ACTIVITY: Repeat every entry word for word; omit all pictures.

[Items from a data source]
_ _ _ _ _ _ _
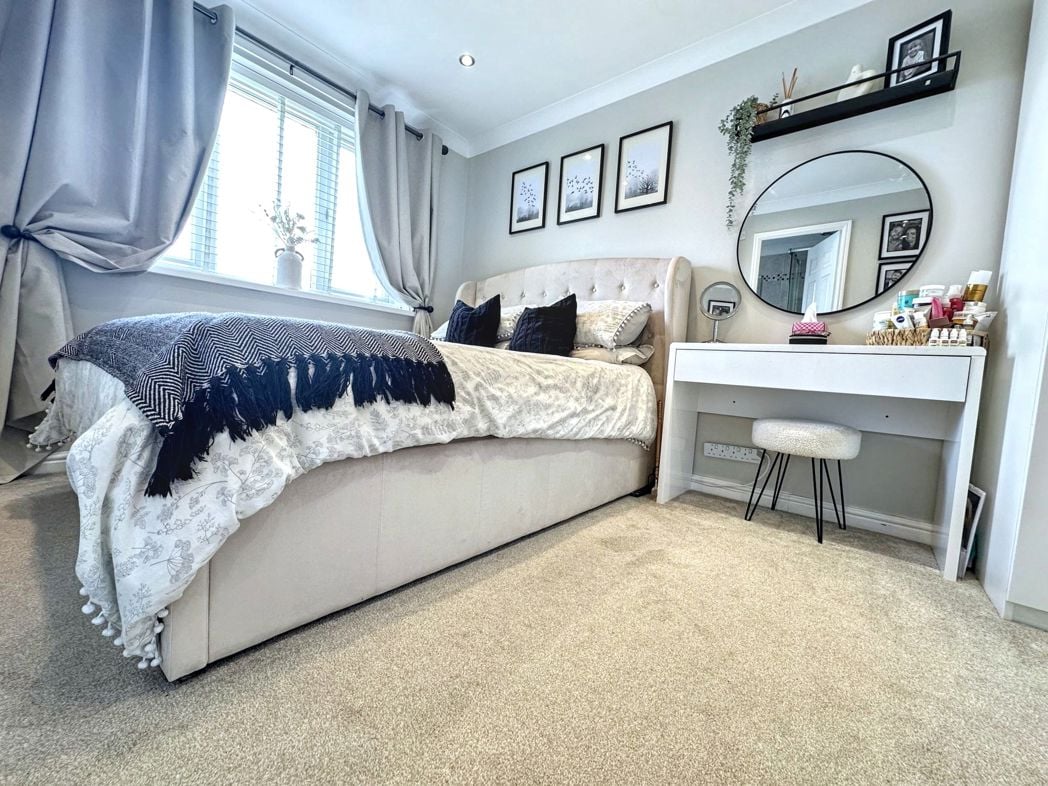 Property image 9 of 19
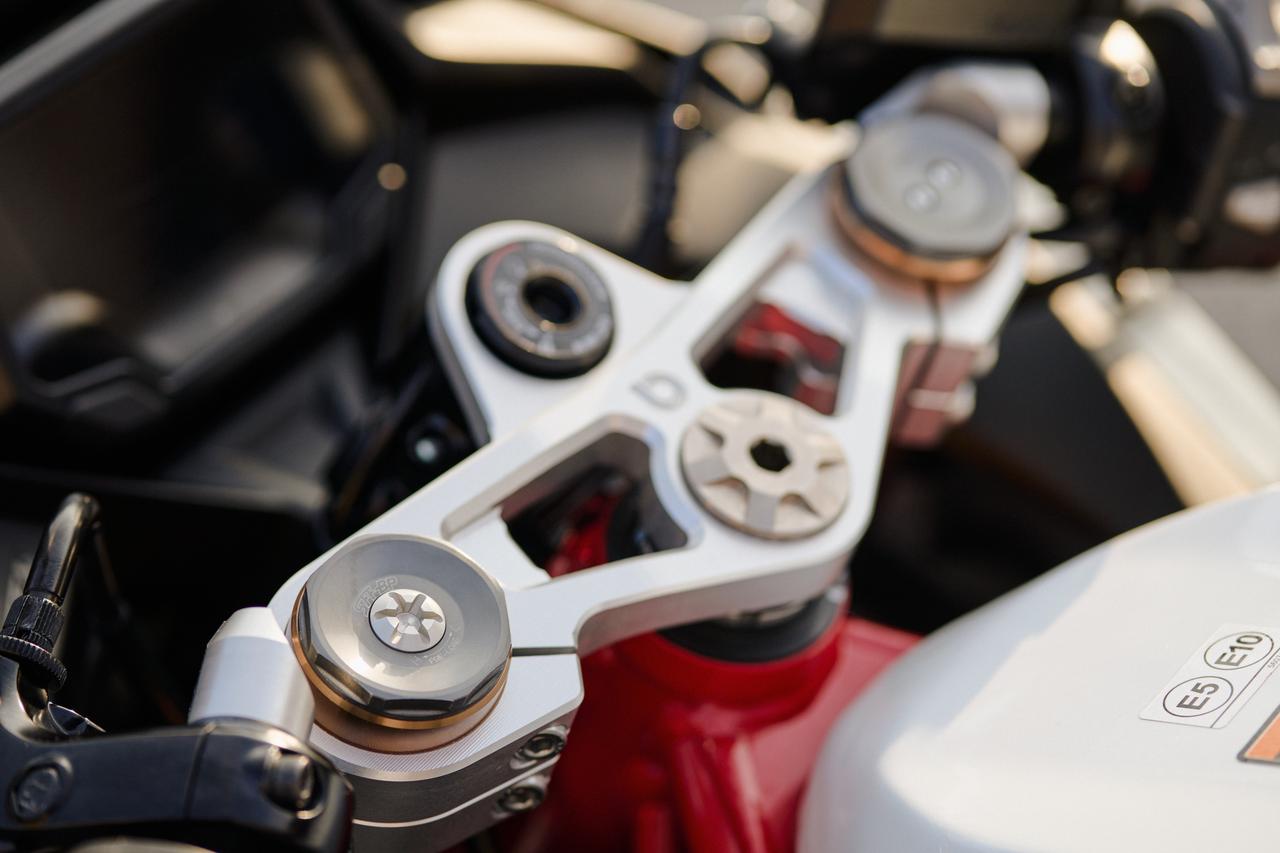 画像 : 31番目の画像 - 【写真31枚】ビモータ「KB399」「KB399ES」 - webオートバイ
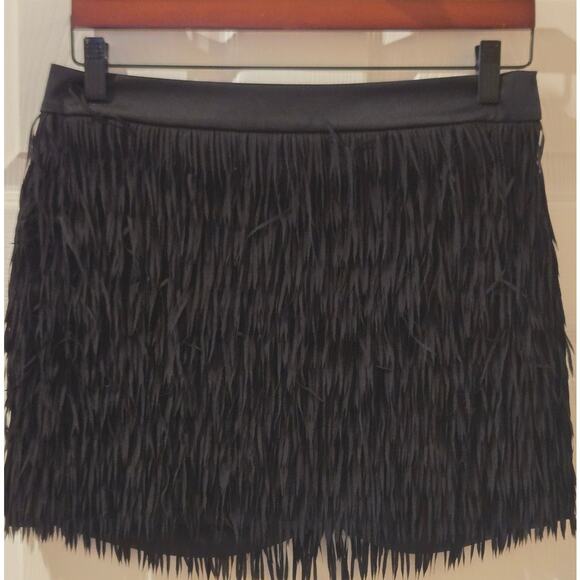 Express Fringe Black Mini Skirt Size 4 - Picture 3 of 7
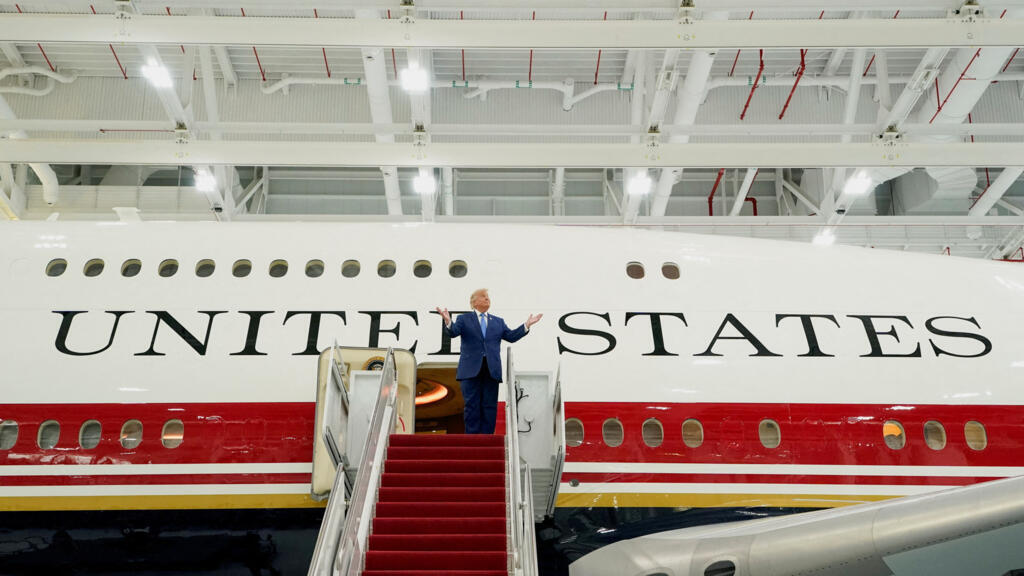 Trump, Katar'dan Hediye Uçağı 'Hava Kuvvetleri Bir'i' Olarak Tanıttı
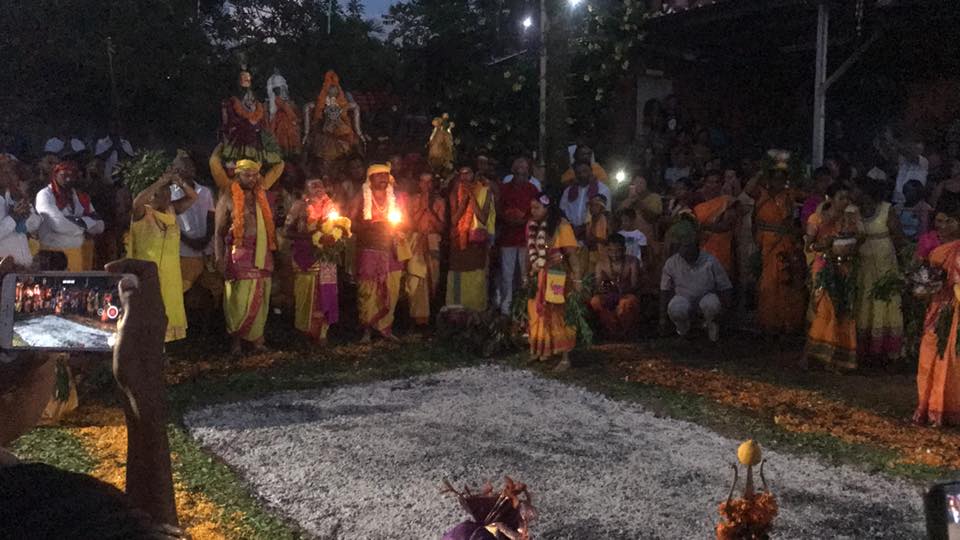 MARCHE SUR LE FEU 2018 AU TEMPLE DRAUPADI MAISON ROUGE DE ST-LOUIS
_ _ _ _ _ _ _
EXERCISE ANSWER:
 Property image 9 of 19
 画像 : 31番目の画像 - 【写真31枚】ビモータ「KB399」「KB399ES」 - webオートバイ
 Express Fringe Black Mini Skirt Size 4 - Picture 3 of 7
 Trump, Katar'dan Hediye Uçağı 'Hava Kuvvetleri Bir'i' Olarak Tanıttı
 MARCHE SUR LE FEU 2018 AU TEMPLE DRAUPADI MAISON ROUGE DE ST-LOUIS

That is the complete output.